Après 60 jours sans accroc, l’équation se complique pour Joe Biden : confronté à une grave crise à la frontière sud, le président américain entame une semaine délicate où il s’exprimera, pour la première fois, lors d’une conférence de presse lourde d’enjeux.
L’afflux de milliers de migrants donne l’occasion à ses adversaires républicains, qui n’ont pas trouvé d’angle d’attaque sur sa gestion de la pandémie, de se faire entendre. À l’unisson, ils accusent le nouveau président d’avoir créé encouragé les migrants irréguliers à entrer aux États-Unis par la frontière avec le Mexique et de faire preuve de naïveté.
«C’est ahurissant et ce n’est rien par rapport à ce qui va se passer dans les mois à venir», a lancé Donald Trump dans un podcast de l’animatrice conservatrice Lisa Boothe diffusé lundi matin.
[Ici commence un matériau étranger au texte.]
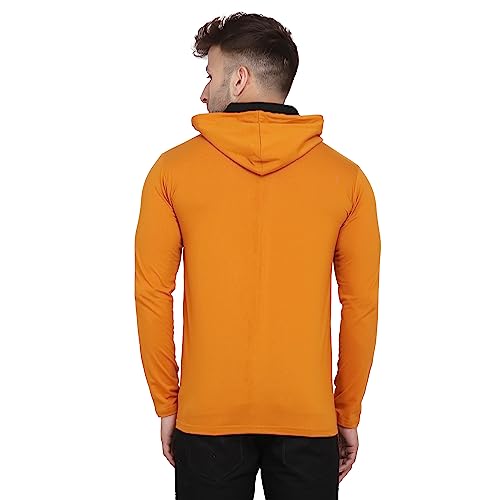 Image of Geum Men's Hooded Neck Full Sleeves T-Shirt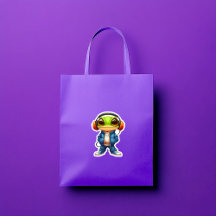 Sticker en vinyle de grenouille Chillin'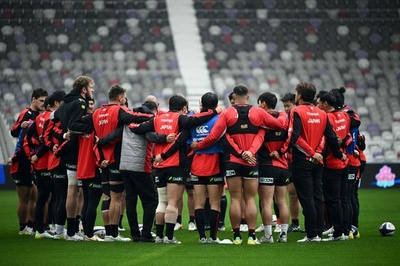 日本代表がキャプテンズラン、20日に敵地でフランス戦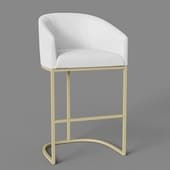 emery barrelback slope burnt bar stool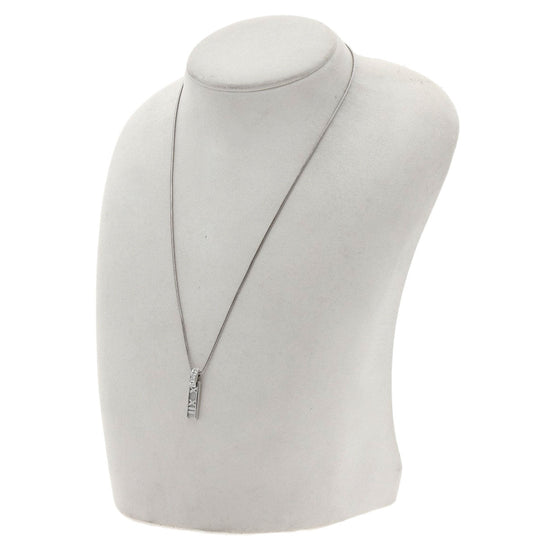 TIFFANY&Co. Necklace K18WG Silver Atlas Diamond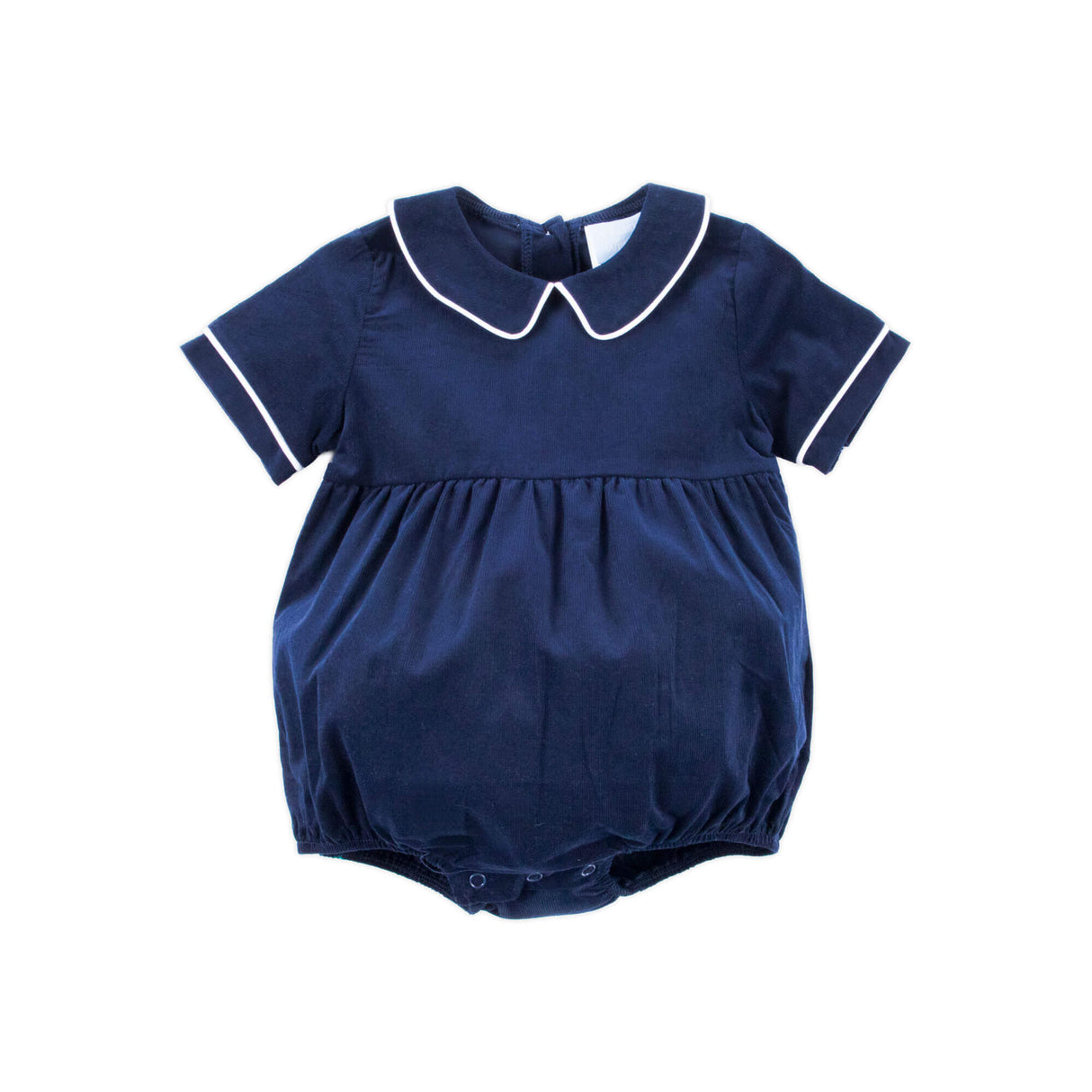 Navy Corduroy Collared Bubble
La prédiction de l’ex-président, qui a soufflé sur les braises d’un de ses thèmes favoris, avait des accents de campagne électorale. Trump a été pour l’essentiel inaudible depuis son installation en Floride.
Jusqu’ici, Joe Biden a plutôt esquivé, laissant son équipe monter en première ligne, mais, face aux questions des journalistes jeudi, il sait qu’il devra rentrer dans le vif du sujet.
Interrogé dimanche soir de retour après un week-end à Camp David, Joe Biden est resté évasif. A-t-il l’intention de se rendre sur place ? «À un moment donné, oui». Ne ressent-il pas le besoin de voir par lui-même ce qui s’y passe ? «Je sais ce qui s’y passe».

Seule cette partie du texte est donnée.